No último dia 03 de dezembro, o INEP (Instituto Nacional de Estudos e Pesquisas Educacionais Anísio Teixeira), órgão ligado ao Ministério da Educação divulgou o relatório de desempenho dos alunos brasileiros que participaram da edição 2018 do Programa Internacional de Avaliação de Estudantes, o PISA.
De forma bem resumida, o PISA é um exame educacional internacional organizado pela OCDE – Organização para Cooperação e Desenvolvimento Econômico – aplicado em estudantes de escolas públicas e privadas com idades ente 15 e 16 anos de 65 países (34 deles oficialmente vinculados à OCDE). O exame é aplicado a cada dois anos e, em cada edição, há uma área de enfoque de análise (o da última edição, em 2018, o enfoque foi em leitura).
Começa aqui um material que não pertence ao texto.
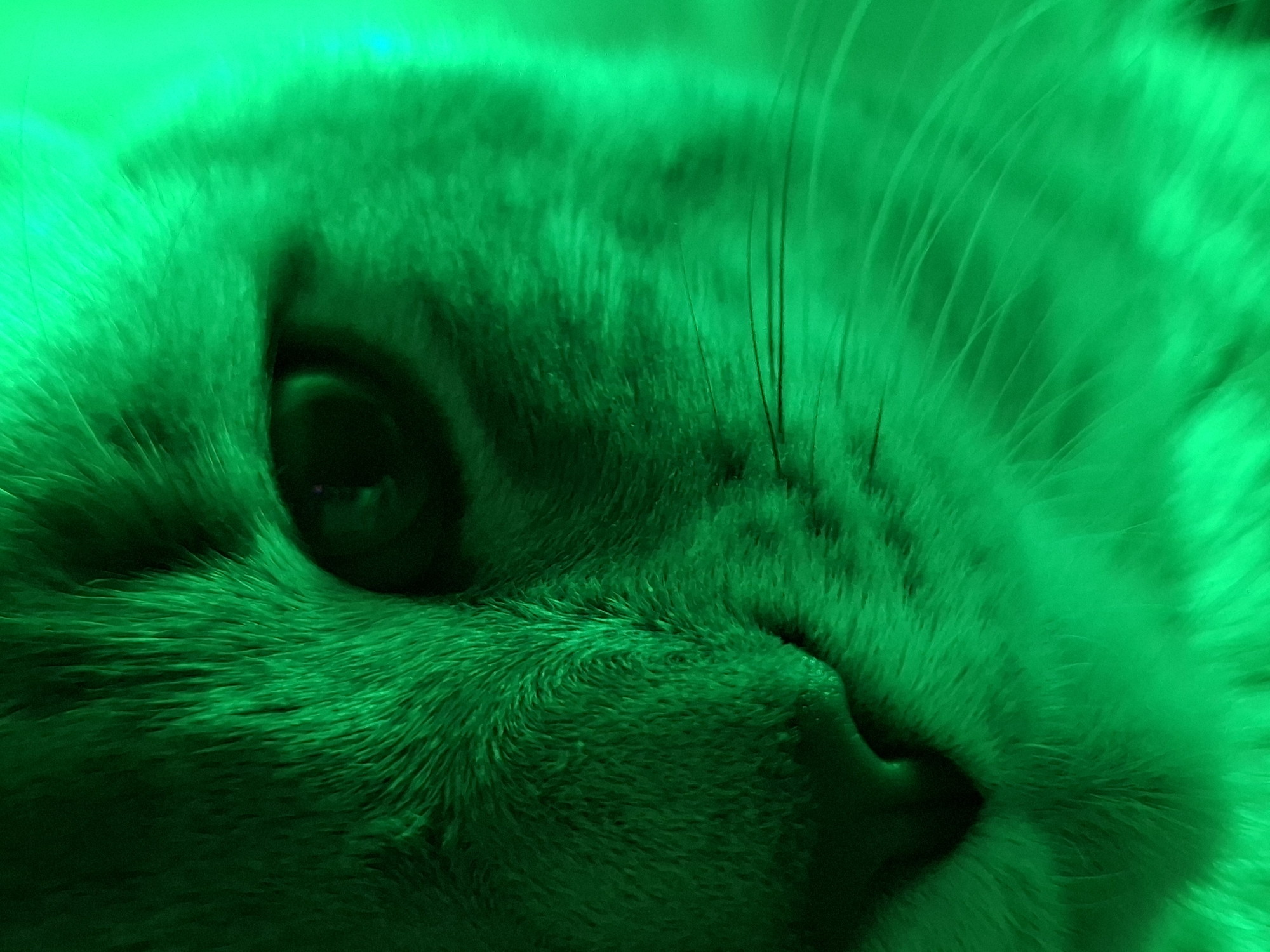 A close-up image, bathed in an intense green light, focuses on the face of a cat. The detail is concentrated on the cat's eye, nose, and whiskers. The background is indistinct. No location or people are discernible from the image.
Você pode consultar mais detalhes sobre a OCDE neste link e sobre o PISA, neste link aqui
A (má) repercussão dos resultados foi quase instantânea. A cobertura da imprensa deu enfoque nas deficiências apresentadas por nossos estudantes, sobretudo quando comparamos alunos de países com IDH muito próximos ou em mesma modalidade (ensino público/privado) de ensino. O ministro da educação não deu qualquer indicativo de como pretende melhorar o aprendizado de nossos alunos, mas não deixou de atacar os governos antecessores e, claro, de acusar Paulo Freire de ser o verdadeiro culpado pelo analfabetismo funcional que há anos os nossos estudantes estão submetidos – mesmo sem levar em conta que quase nada da pedagogia freireana é aplicado em nossas escolas ou que Freire é um dos nomes mais citados na pesquisa educacional em todo o mundo.
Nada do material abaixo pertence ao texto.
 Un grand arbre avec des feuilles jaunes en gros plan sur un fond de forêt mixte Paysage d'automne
Uma breve análise nos resultados disponibilizados pelo INEP mostra que, se levarmos em conta a série histórica desde a primeira participação brasileira no PISA, mostra que os nossos alunos melhoraram o seu desempenho desde a primeira edição do exame até 2012, e desde então, mantivemos a média de aprendizagem. Ou seja, desde 2012, o desempenho de nossos alunos no PISA se manteve estável, mas ainda abaixo da média dos países da OCDE:

O Pisa avalia habilidades e competências em três áreas: leitura (reading), matemática e ciências, priorizando uma das áreas em cada edição. Nesta última, o exame priorizou a avaliação das competências de leitura. Com essa rotatividade entre as áreas – e com o uso da Teoria de Resposta ao Item, a mesma metodologia de composição e de análise das provas do Enem -, é possível ter uma visão um pouco mais ampla sobre o desempenho dos alunos e verificar se as políticas públicas em educação surtiram algum efeito.
Mas há algo que pouco é comentado pela mídia quando falamos de educação (e aqui, especificamente em educação em ciências): aprender é muito diferente de memorizar e ler bem não é garantia de aprendizado.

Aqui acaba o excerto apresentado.